▶ _PROBLEM STATEMENT_:
With the pictures left out, output the records below exactly.

--- START ---

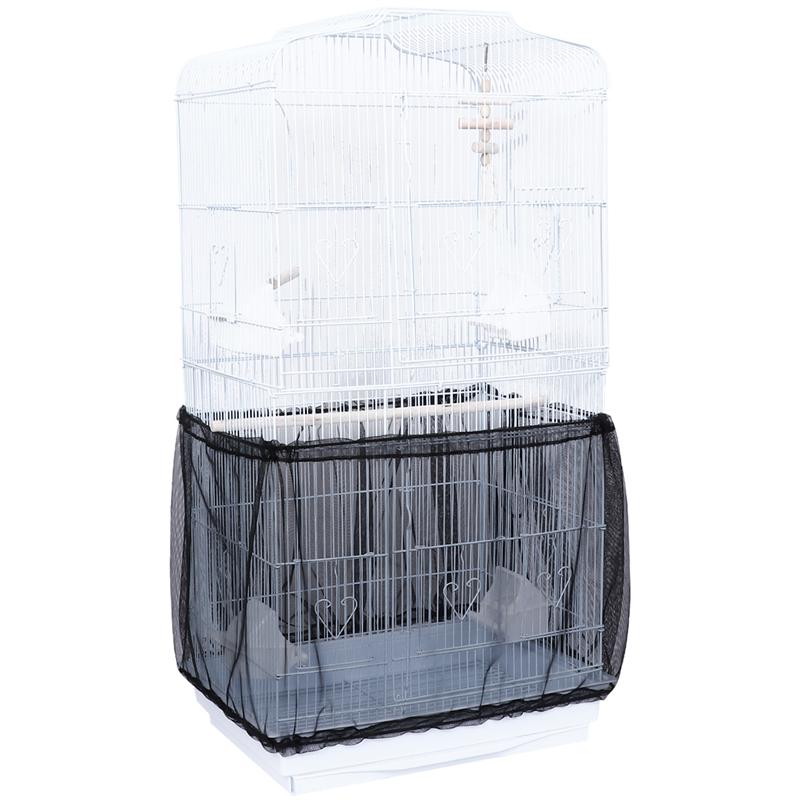 Jaula para pájaros y mascotas, atrapamoscas de semillas, protector ajustable de concha, falda, trampas, cesta, suministros para Paet, cubierta de jaula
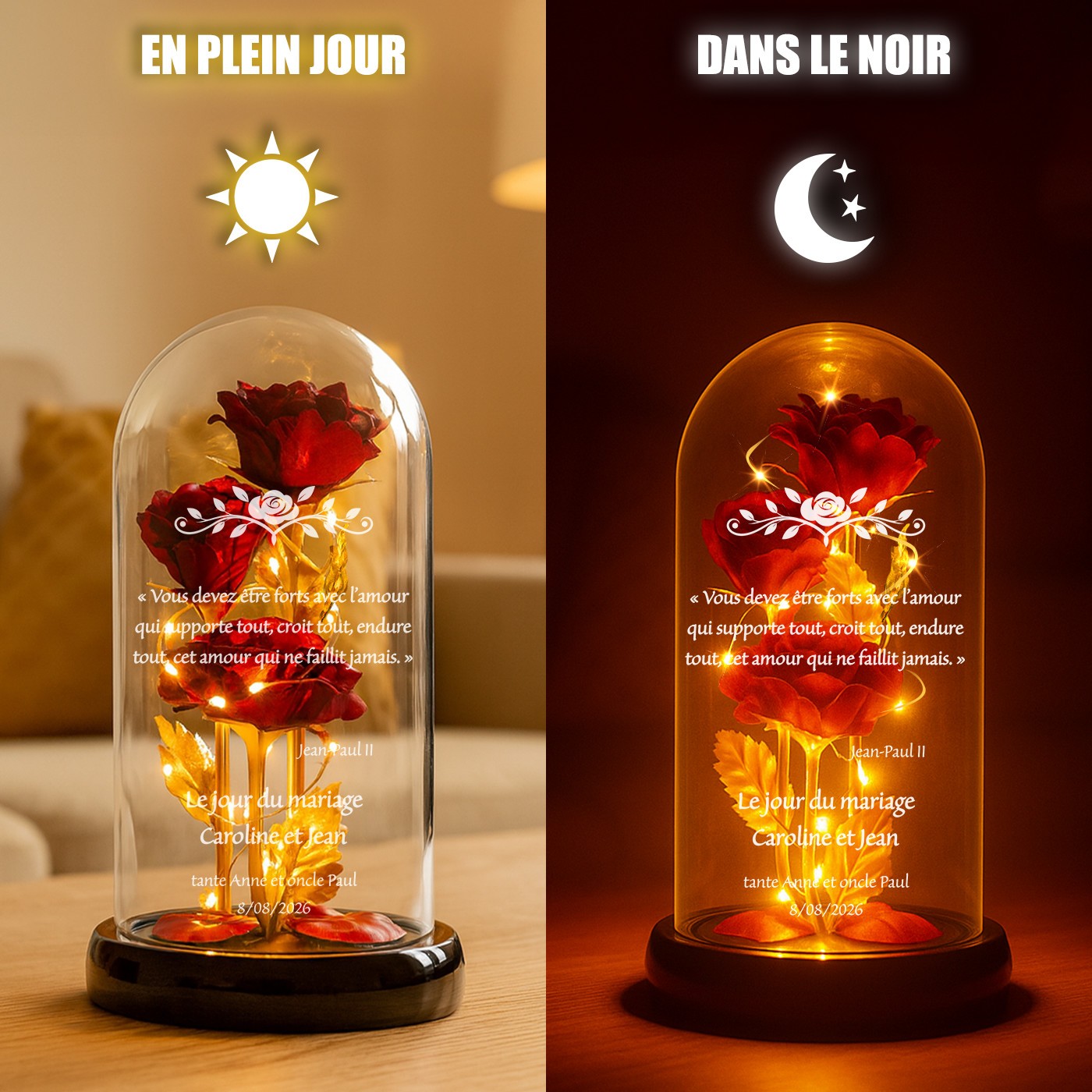 Eternal Red Rose in Glass Bell with Engraving and LED Light for Newlyweds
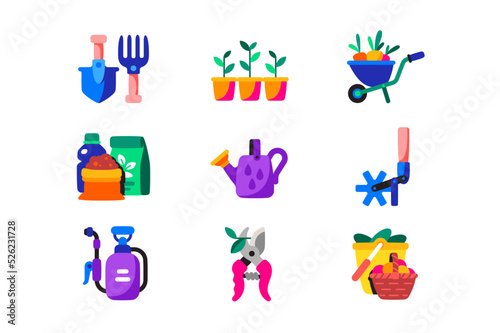Gardening or horticulture icons set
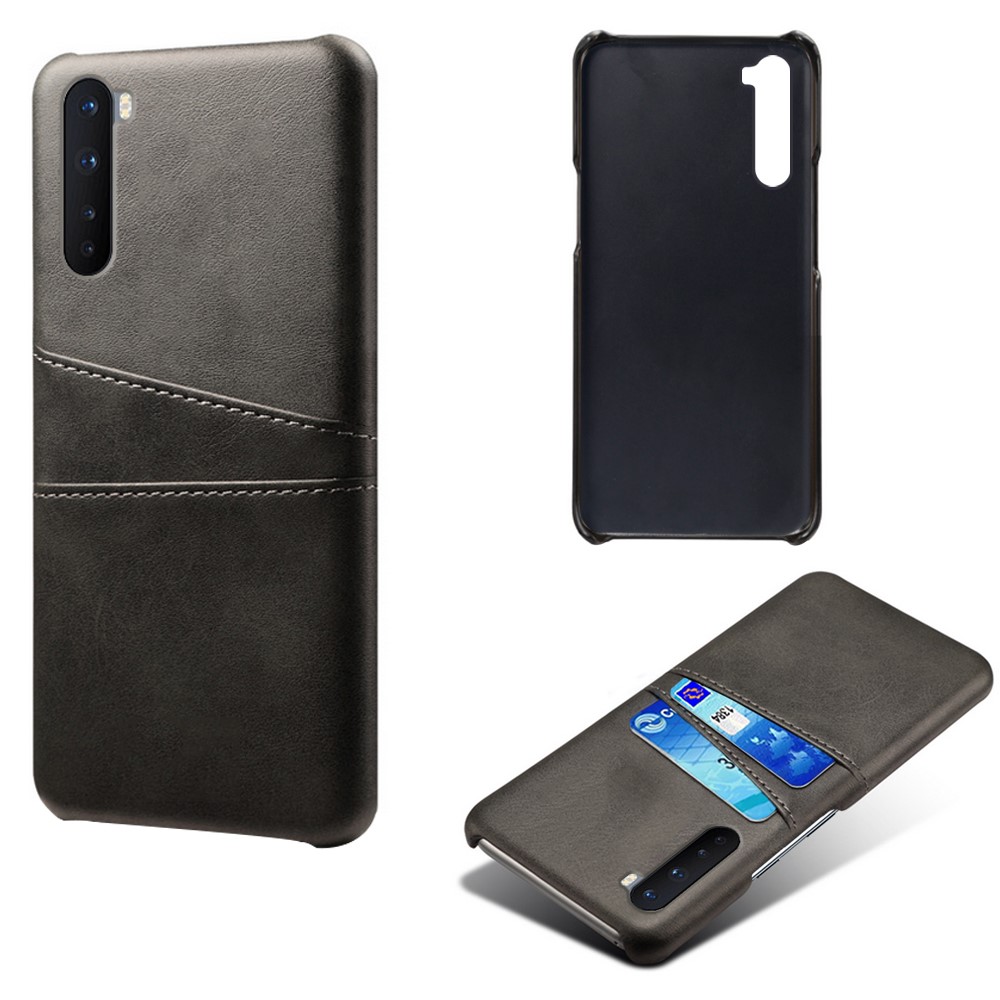 KSQ Double Card Slots PU Leather Coated PC Case for OnePlus Nord - Black-2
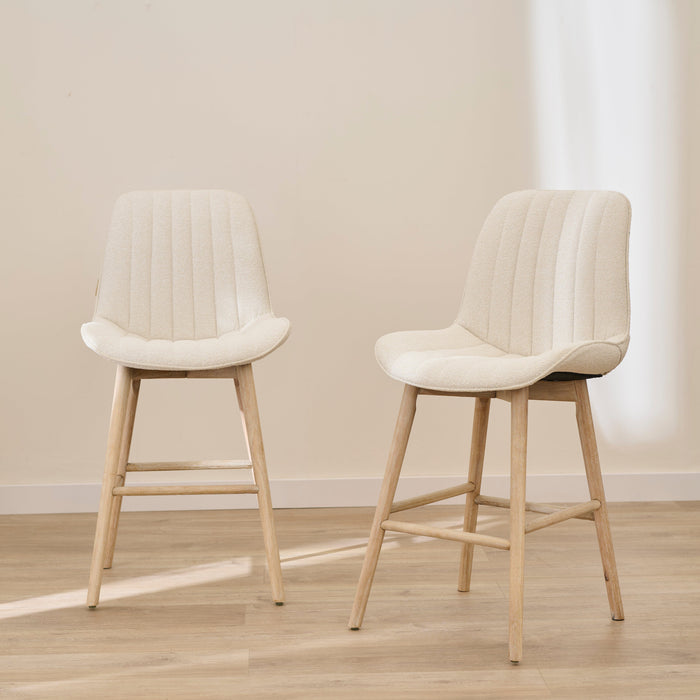 Bella Light Beige Boucle Bar Stool - Whitewash Legs - Laura James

--- END ---

▶ _EXERCISE RESULT_:
 Jaula para pájaros y mascotas, atrapamoscas de semillas, protector ajustable de concha, falda, trampas, cesta, suministros para Paet, cubierta de jaula
 Eternal Red Rose in Glass Bell with Engraving and LED Light for Newlyweds
Gardening or horticulture icons set
 KSQ Double Card Slots PU Leather Coated PC Case for OnePlus Nord - Black-2
 Bella Light Beige Boucle Bar Stool - Whitewash Legs - Laura James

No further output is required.